This has the most seriously sinister beginning of any crime novel I have read in years. DI Henry Hobbes (of whom more presently) is summoned by his Sergeant to Bridlemere, a rambling Edwardian house in suburban London, where an elderly man has apparently committed suicide. Corpse – tick. Nearly empty bottle of vodka – tick. Sleeping pills on the nearby table – tick. Hobbes is not best pleased at his time being wasted, but the observant Meg Latimer has a couple of rabbits in her hat. One rabbit rolls up the dead man’s shirt to reveal some rather nasty knife cuts, and the other leads Hobbes on a tour round the house, where he discovers identical sets of women’s clothing, all laid out formally, and each with gashes in the midriff area, stained red. Sometimes the stains are actual blood, but others are as banal as paint and tomato sauce.
Hobbes makes a more thorough investigation of the strange house, and finds a cellar in which he discovers something even more disturbing. Author Jeff Noon introduced us to Hobbes in Slow Motion Ghosts (2019 – click for the review) and, like that earlier novel, this one is set in the 1980s. Hobbes is a bit of a misfit. He is certainly not ‘one of the lads’ back at the station. He is quiet, cerebral and single, his marriage to Glenda being certainly on the rocks and close to being sunk. As he tries to work out what secrets lie within the walls of Bridlemere, he has personal problems, the chief of which being the fact that his 17 year-old son has left home to live in a squat, where both his health and sanity are threatened.
Hobbes believes that although Leonard Graves did probably take his own life, an enigmatic note he left suggests that there is a body concealed somewhere in the house.. While an intensive search produces no human remains, what Hobbes calls The Case of The Thirteen Dresses becomes a genuine murder enquiry when the body of the old man’s son is found, battered to death in Richmond Park.
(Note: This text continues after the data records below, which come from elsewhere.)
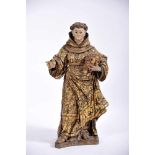 Saint Didacus of Alcalá, gilt and polychrome wood sculpture, glass eyes, Portuguese, 18th C. (2nd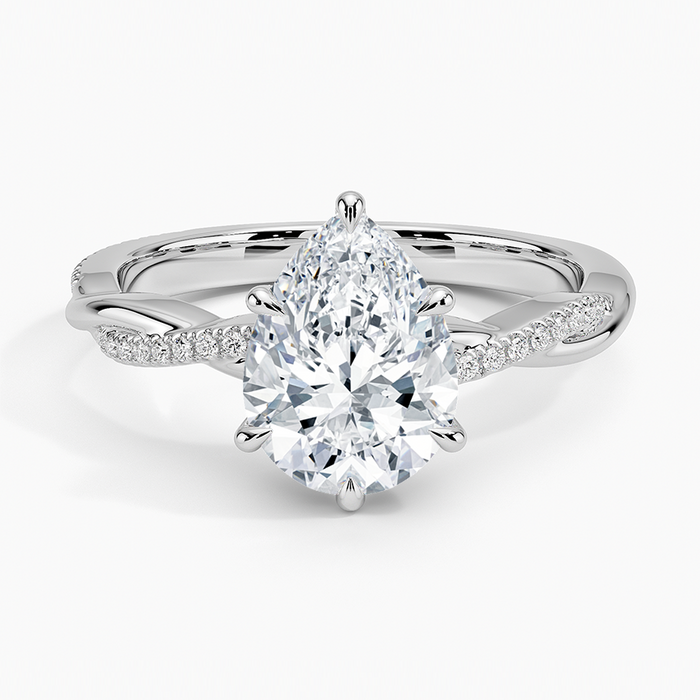 Pear cut moissanite petite twisted vine pave engagement ring in white gold, top view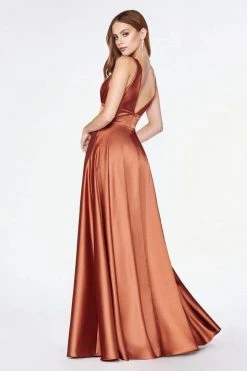 Cinderella Divine - 7469 Sleeveless V Neck Flowing Satin Gown 18 Cinderella Divine - 7469 Sleeveless V Neck Flowing Satin Gown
The more Hobbes learns about the Graves family, the more he feels drawn into their sinister world. Mary Estelle, Leonard’s wife, a former actress of renown, is living out her days in an old folk’s home, absorbed in her glittering memories, but was she responsible for corrupting her three children Rosamund, Camilla and Nicholas? Was there a fourth child, Adeline, mentioned in Leonard’s suicide not? And what of the grandson, David, and his obsession with Kusozu, the macabre Japanese art form that depicts the very corruption of death?
My verdict on House With No Doors? In a nutshell, brilliant – a tour de force. Jeff Noon (right) has taken the humble police procedural, blended in a genuinely frightening psychological element, added a layer of human corruption and, finally, seasoned the dish with a piquant dash of insanity. On a purely narrative level, he also includes one of the most daring and astonishing final plot twists I have read in many a long year.
Jeff Noon takes us to places unvisited since the days of the late, great Derek Raymond. This novel is crime fiction, yes, but also a journey into the darkest corners of the human soul. Raymond’s nameless copper also walked the bleaker streets of London, and he had a passion verging on obsession for avenging the victims of crime by finding the people who killed them. Henry Hobbes shares this single mindedness. House With No Doors is a chronicle of madness wearing a mask of normality. It is deeply moving and as Hobbes mines deeper and deeper into history of the Graves family, he shows us that it is not only the dead who are victims. The book is published by Doubleday and is out on 14th January.